If you parsed this as an ordinary TTRPG's actions you'd work it out to two maneuvers, a standard action, and then Team Monster's turn. Notable thing is that the standard action is as much of something that happens to you as something you're doing, and it's up to your maneuvering to make sure that it's an auspicious event.

Innovation is a competitive multiplayer free-for-all where you're a highly abstract representation of some particular society vying to monopolize more of the sum total of all human achievement than anyone else at the board. The only game pieces are cards that each represent a single technology or social development, and you get two actions per turn of the following: You can draw one card, you can place a technology in your hand down among the ones you control, you can invoke the special "Dogma" inherent to one of the technologies in front of you, or, if you qualify, you can claim one of the "achievement" tokens which represent the primary game objective.

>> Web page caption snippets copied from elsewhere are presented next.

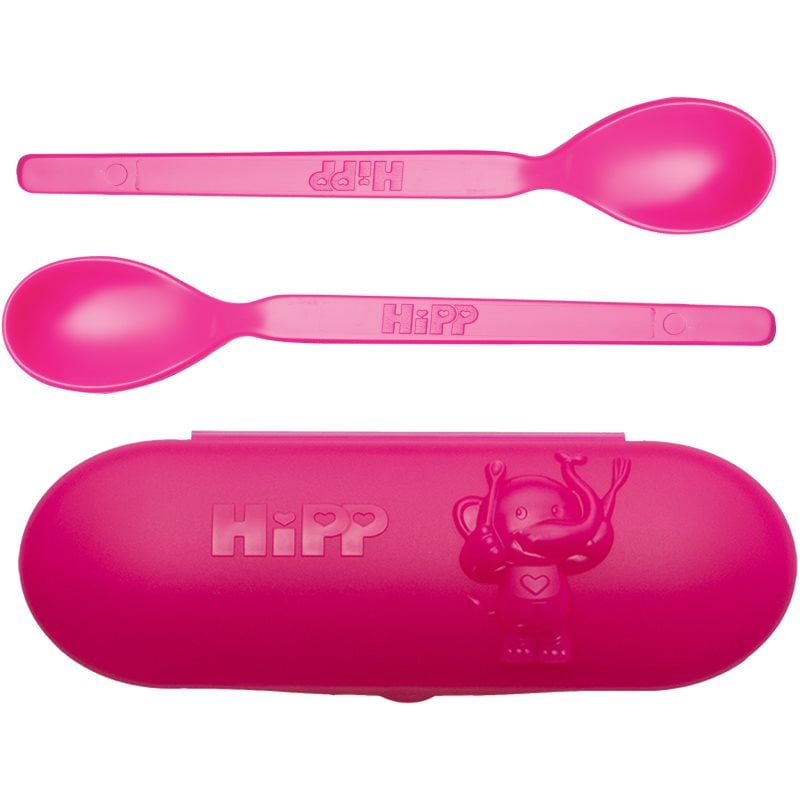 Hipp Spoons Set сет за хранене на път Pink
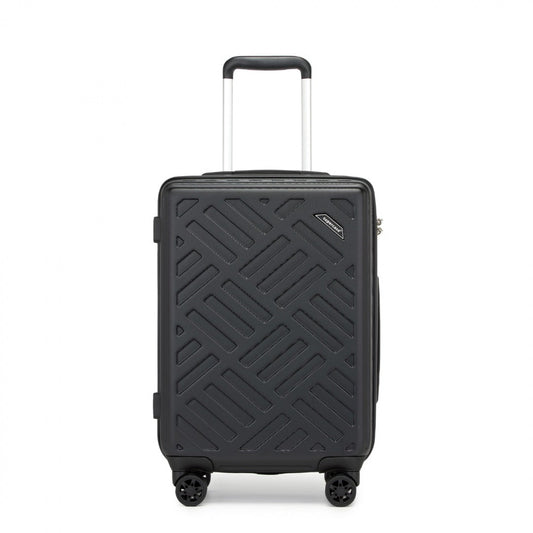 Supercase Sleek Geometric Pattern Hard Shell ABS+PC Cabin Suitcase with TSA Lock (KSS2495) - Black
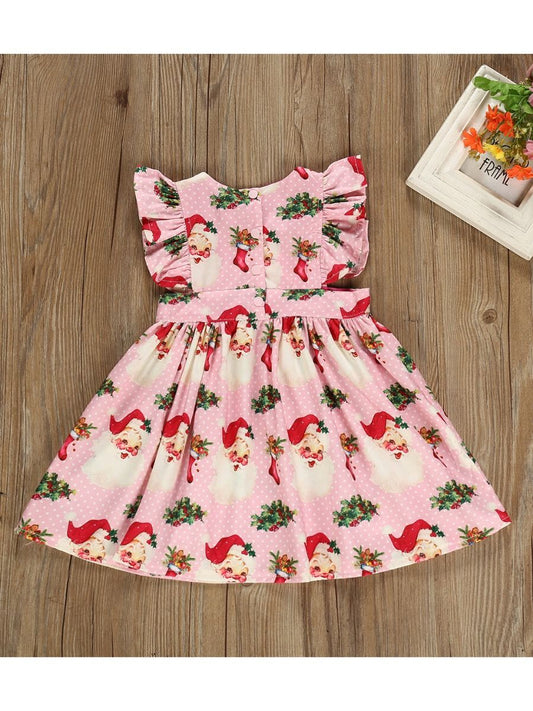 Santa Pattern Baby Toddler Girl Ruffled Sleeve Dress - dianjiang-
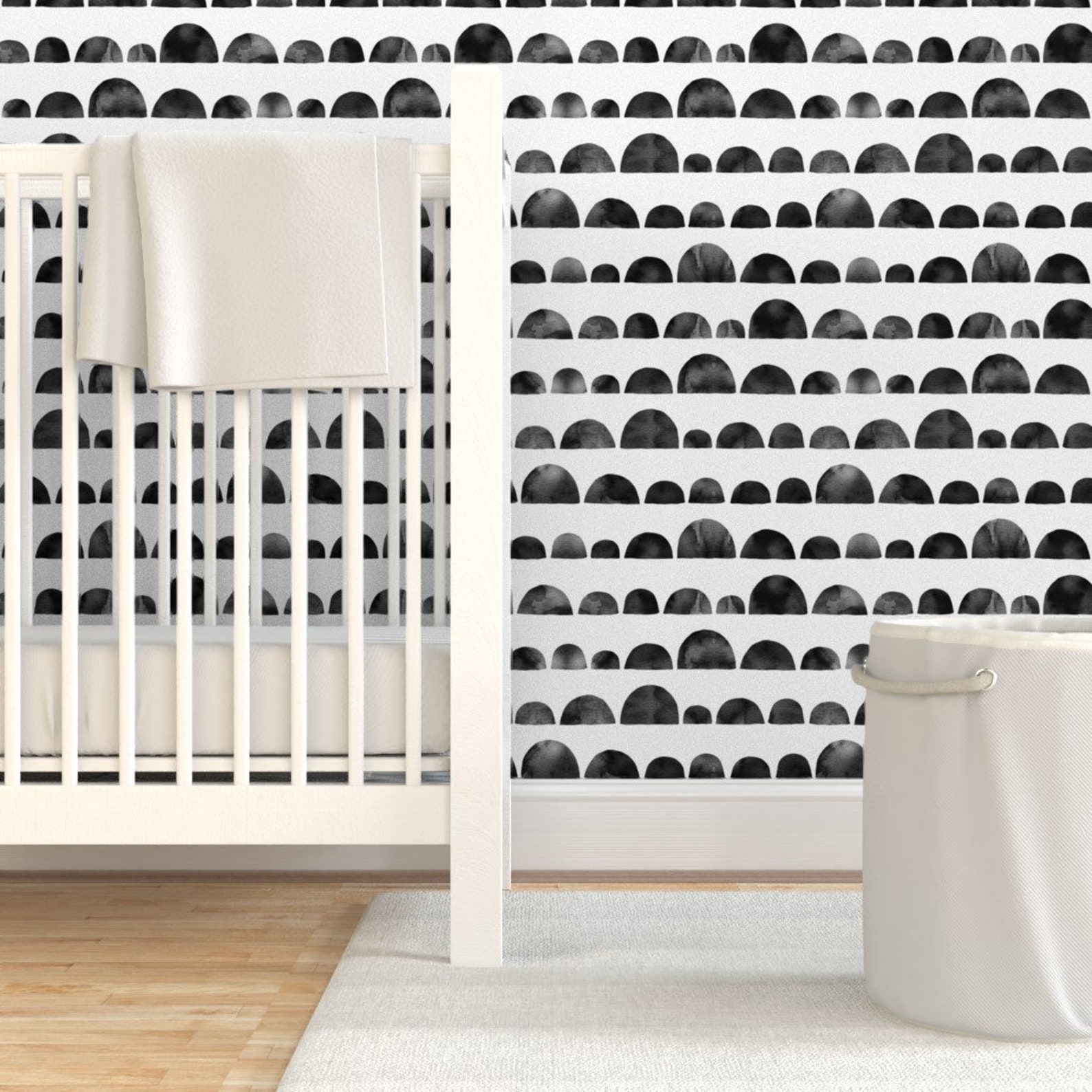 Half Circle Wallpaper Half Circles Black Ink by Heleen Vd - Etsy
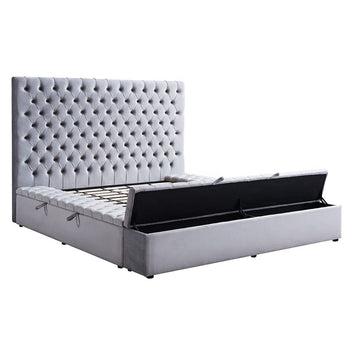 Gray upholstered button tufted storage platform bed. Crushed velvet material. 
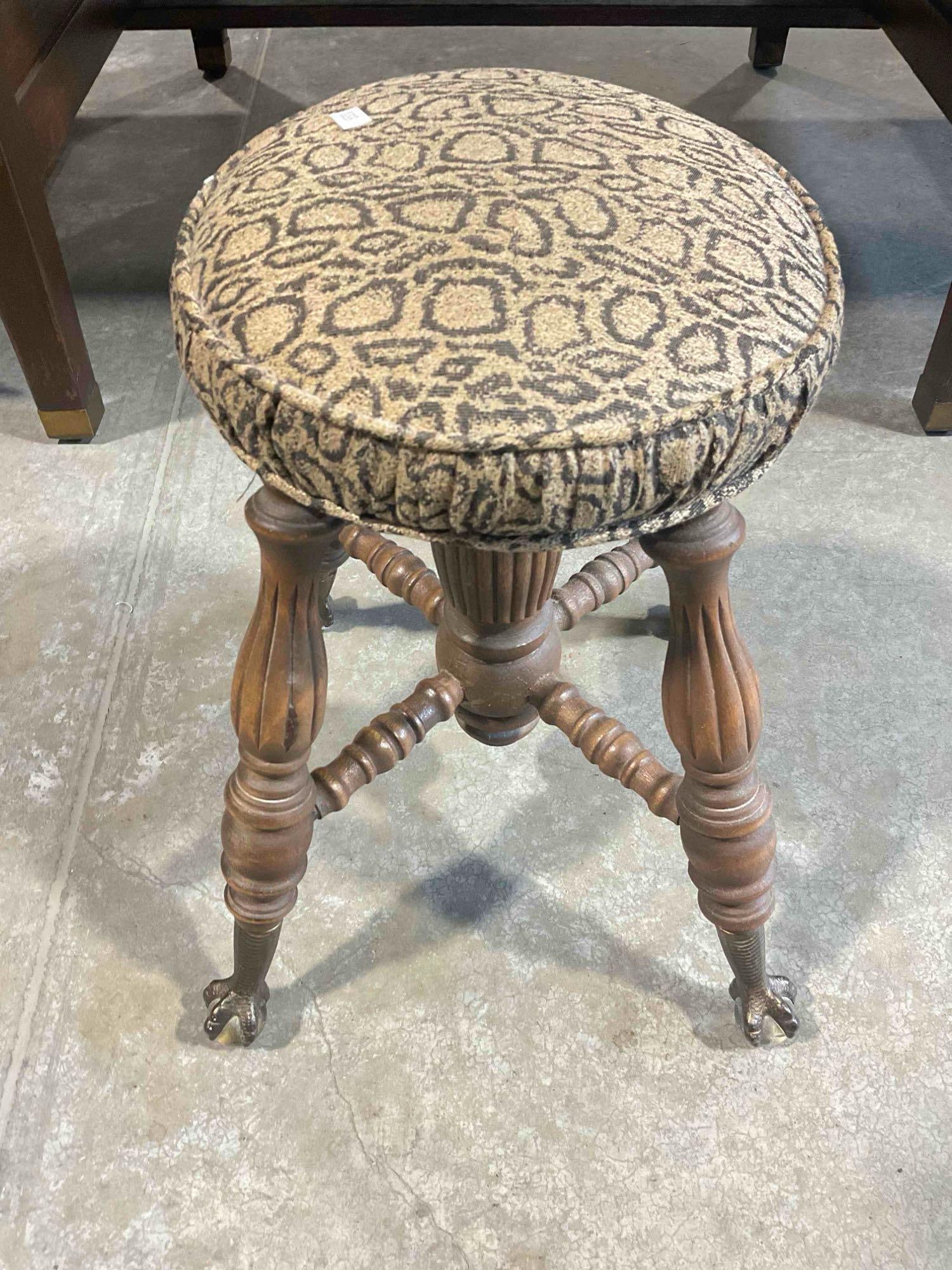 Antique Wooden Piano Stool w/ Metal Claw & Glass Ball Feet & Modern Reupholstery Work. - 4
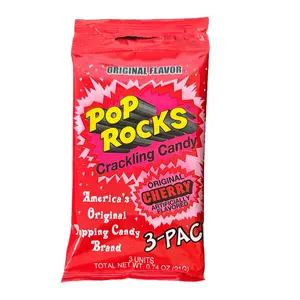 Pop Rocks Cherry Popping Candy - 1 Pack with 3 Pieces - 0.74 oz - Cherry Flavor - Sweet Candies Fruity Snack Bonbon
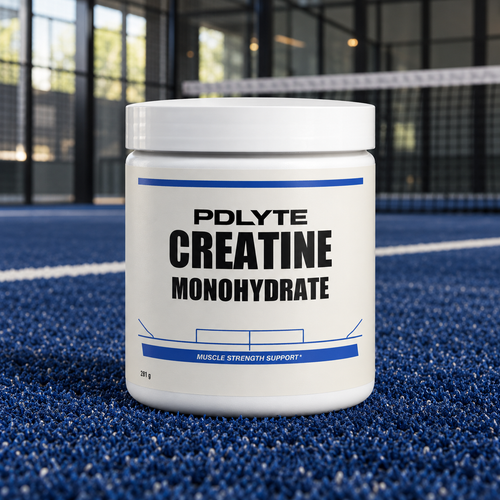 PDLYTE / Creatine Monohydrate front shot on a blue indoor padel court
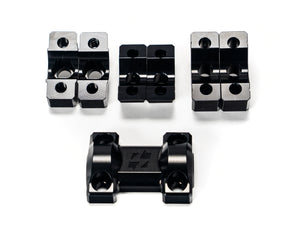 Stomp Ebox Dragster RS Suspension Upgrade Kit components displayed on a white background, including shock absorbers, mounting hardware, and springs.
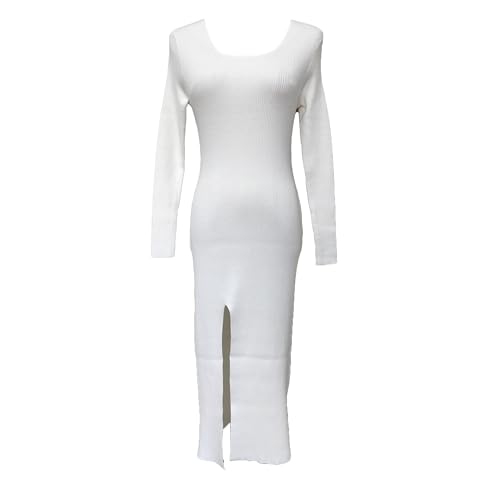 Robe slim pour femmes en tricot blanc taille M chic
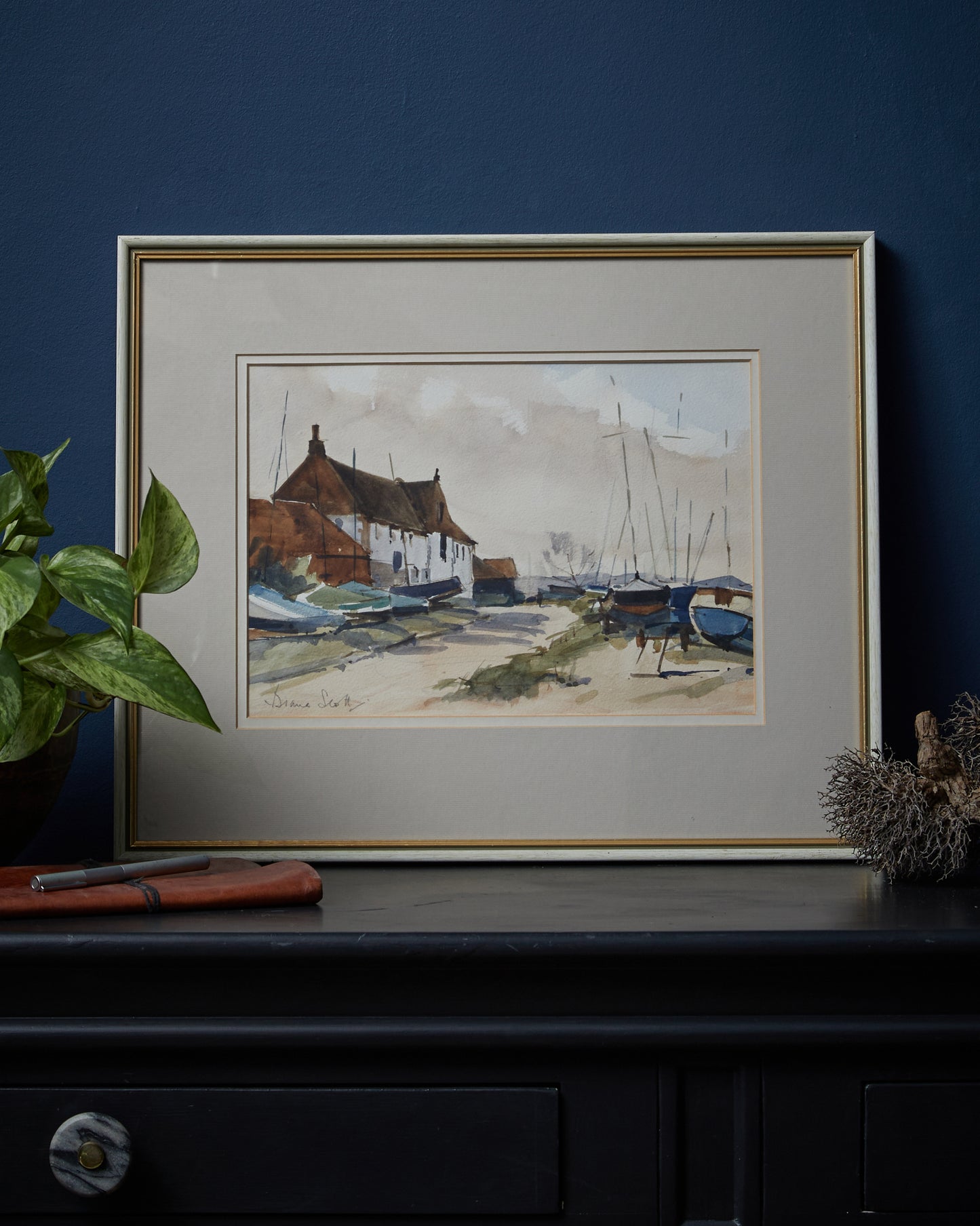 Watercolour Painting - Sailboats in Harbour - Signed Diane Scott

Technology is very versatile. Dogma is the only way to earn points towards winning the game, but it can do all kinds of other things (including card-draw and playing new innovations). In addition to dogma, technology also comes marked with badges that represent a broader cultural propensity: Leaves for agriculture, crowns for politics, etc. When another player invokes a hostile dogma, you can invalidate yourself as a target by having enough of these badges, and when someone uses a non-hostile dogma, you also get to participate if you have as many of the particular badge type that they do. Thus, controlling an innovation gives you both an active option as well as a defensive/parasitic capacity.

Note that the actions, in their basic conception, represent a ladder of facilitation. You need to draw cards to splice them, you need to splice them to invoke dogma, and you need to invoke dogma to earn enough points to claim an achievement token. So most turns still come down to "I do the thing, but first, I do the thing that lets me do the thing."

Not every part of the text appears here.